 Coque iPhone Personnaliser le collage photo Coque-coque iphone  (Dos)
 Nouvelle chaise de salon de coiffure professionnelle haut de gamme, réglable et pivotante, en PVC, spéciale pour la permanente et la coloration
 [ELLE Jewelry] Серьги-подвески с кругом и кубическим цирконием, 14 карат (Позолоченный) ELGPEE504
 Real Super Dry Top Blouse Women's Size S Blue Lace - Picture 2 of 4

━━━━━━━━━━━━━━━━

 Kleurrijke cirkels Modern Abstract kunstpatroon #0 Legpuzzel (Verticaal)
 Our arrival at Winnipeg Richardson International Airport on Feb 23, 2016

━━━━━━━━━━━━━━━━

TASK GOAL = In the material above, transcribe exactly the lines beginning at the one with "Coque iPhone Personnaliser" and ending at the one with "[ELLE Jewelry] Серьги-подвески", both included.

REPLY TO THE EXERCISE =
 Coque iPhone Personnaliser le collage photo Coque-coque iphone  (Dos)
 Nouvelle chaise de salon de coiffure professionnelle haut de gamme, réglable et pivotante, en PVC, spéciale pour la permanente et la coloration
 [ELLE Jewelry] Серьги-подвески с кругом и кубическим цирконием, 14 карат (Позолоченный) ELGPEE504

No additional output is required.